Penunjukan Irjen Boy Rafli Amar sebagai Kepala BNPT itu tertuang dalam Surat Telegram Nomor: ST/1377/V/KEP./2020 yang terbit pada Jumat (1/5). Surat itu ditandatangani atas nama Kapolri, oleh Wakapolri Komjen Gatot Eddy Pramono.
Penunjukan Irjen Boy Rafli Amar sebagai Kepala BNPT disoroti pengamat kepolisian dari Indonesia Police Watch (IPW), Neta S Pane. Menurut Neta, penunjukan Irjen Boy Rafli Amar sebagai Kepala BNPT oleh TR (telegram rahasia) Kapolri itu adalah sebuah maladministrasi.

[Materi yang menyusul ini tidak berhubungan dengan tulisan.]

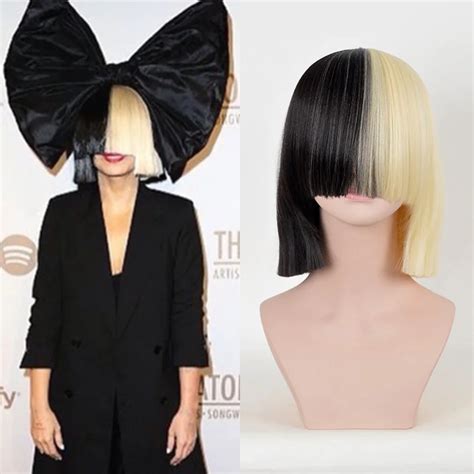 Sia Alive This Is Acting 34cm Half Black And Light Golden Short Costume Cosplay Natural Wigs ...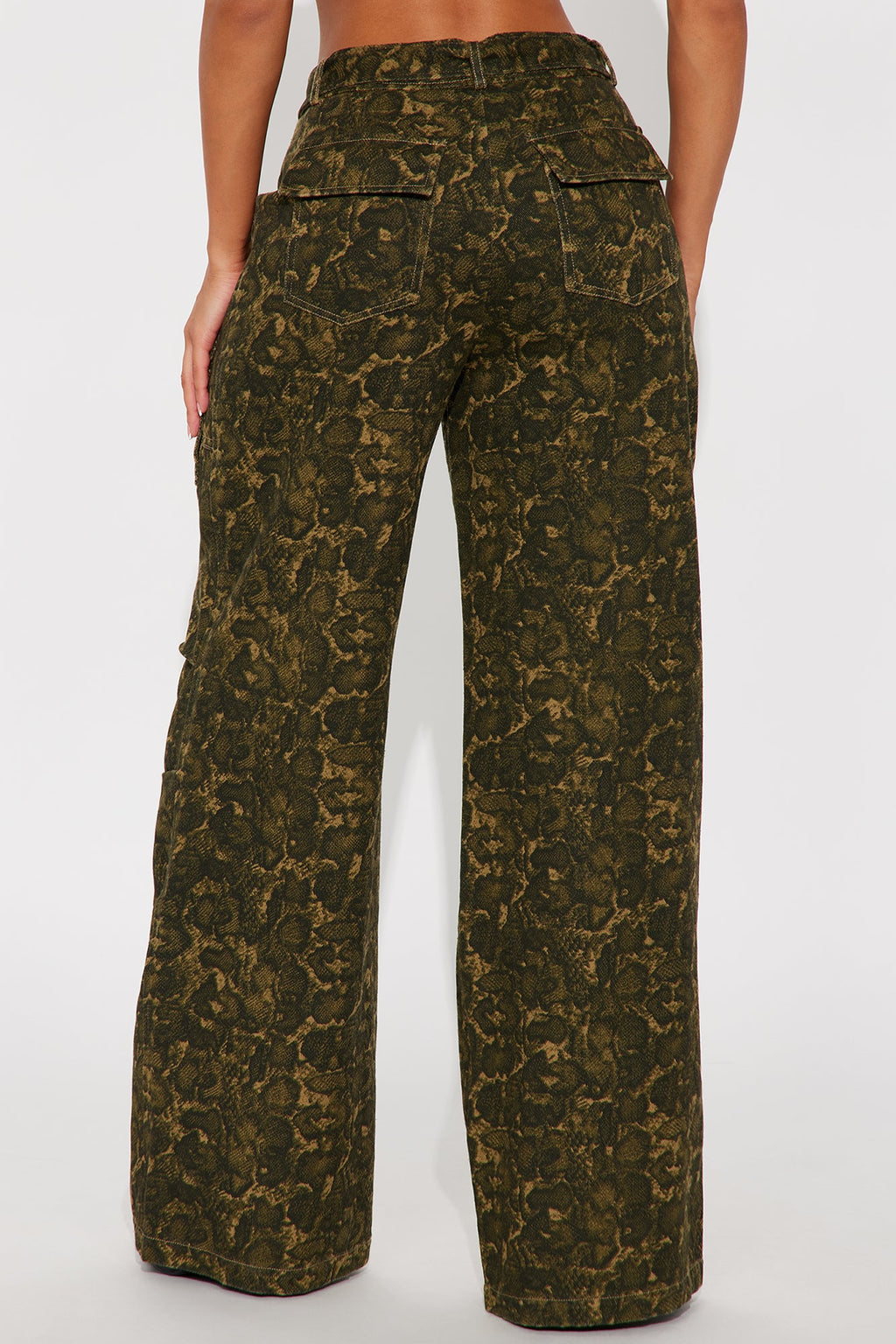 No Other Choice Twill Rigid Wide Leg Leopard Pant 32 - Leopard 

“TR Kapolri tentang penunjukan itu bisa dinilai sebagai tindakan melampaui wewenangnya dan hendak memfaitaccompli serta mengintervensi Presiden Jokowi,” kata Neta dalam keterangan tertulis, Sabtu (2/5).
Kapolri Jenderal Idham Azis pun diminta mencabut dan membatalkan TR pengangkatan Boy Rafli sebagai Kepala BNPT. Sebab menurut Neta, pengangkatan Kepala BNPT adalah wewenang Presiden Bahkan presiden punya wewenang untuk memperpanjang masa jabatan Kepala BNPT yang menjabat sekarang.

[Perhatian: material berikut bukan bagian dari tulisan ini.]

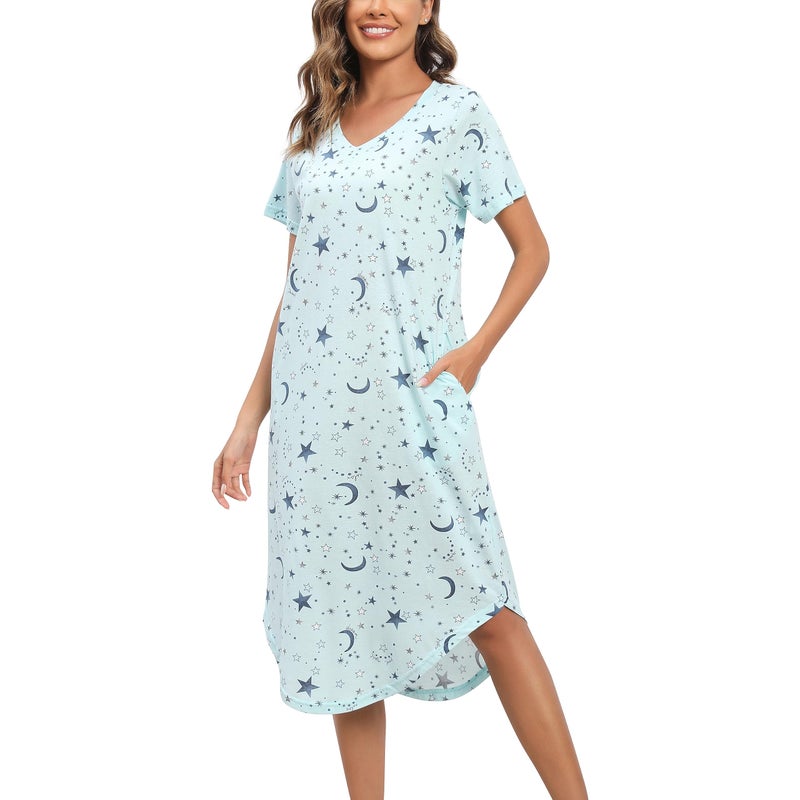 PNAEONG Women Short Sleeve Long Nightgown Soft Cotton Sleepwear Nightshirts Loungewear with Pockets JCSY006-Blue Star-2XL - Image 1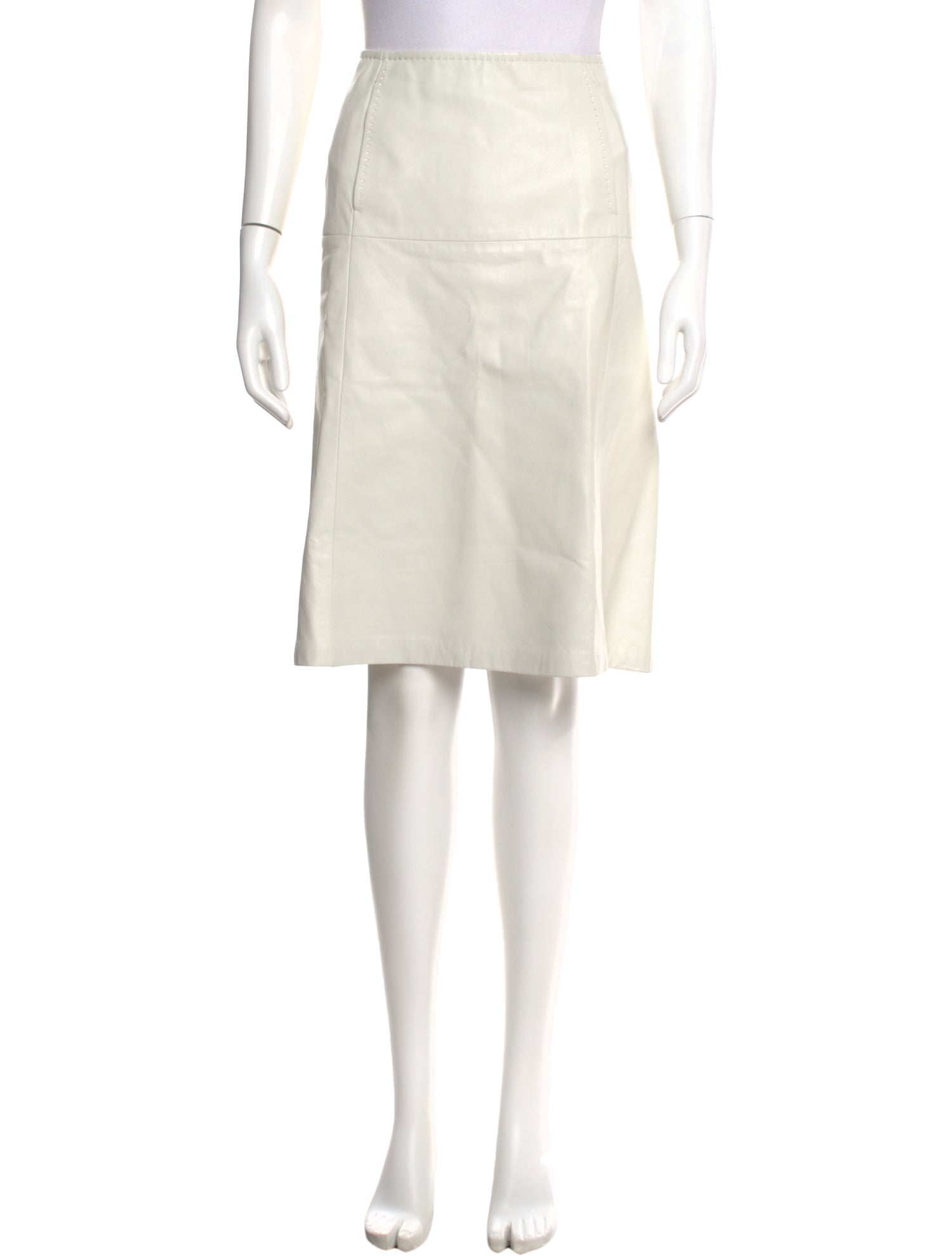 Max Mara Leather Knee-Length Skirt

Neta mencontohkan, saat Kepala BNPT dijabat Ansaad Mbay, presiden pernah memperpanjang masa jabatannya. Ansaad yang sudah pensiun dari Polri pun tetap menjabat sebagai Kepala BNPT.
“Lalu kenapa Kapolri melakukan intervensi terhadap kewenangan presiden dan terkesan terburu buru hendak mencopot Kepala BNPT Komjen Suhardi Alius. Ada apa dengan Kapolri,” ujar dia.
Neta mengatakan, berdasarkan Perpres Nomor 46 Tahun 2010 tentang BNPT disebutkan bahwa pengangkatan Kepala BNPT dilakukan oleh Presiden. Jabatan Kepala BNPT juga bisa diisi oleh selain aparatur kepolisian. Artinya non pegawai negeri juga bisa menjabat posisi Kepala BNPT.
Namun demikian, Neta mengamini memang sejak berdirinya BNPT, pimpinannya selalu dari kepolisian. Tapi, tegas dia, bukan serta merta Kapolri bisa main tunjuk dan mengganti Kepala BNPT dengan TR. “Kapasitas Kapolri hanya sebatas mengusulkan pergantian dan calon pengganti kepada Presiden, bukan melakukan intervensi dan memfaitaccompli presiden dengan TR serta menunjuk pejabat barunya,” kata dia.
Neta menilai penggantian Kepala BNPT oleh Kapolri melalui TR (telegram rahasia), memberi kesan bahwa BNPT ada di bawah kendai Polri. Padahal menurut Neta, bahwa Badan Nasional Penanggulangan Terorisme (BNPT) merupakan lembaga yang bergerak di bawah komando Presiden. “BNPT ini bertanggungjawab kepada presiden,” tegas Neta.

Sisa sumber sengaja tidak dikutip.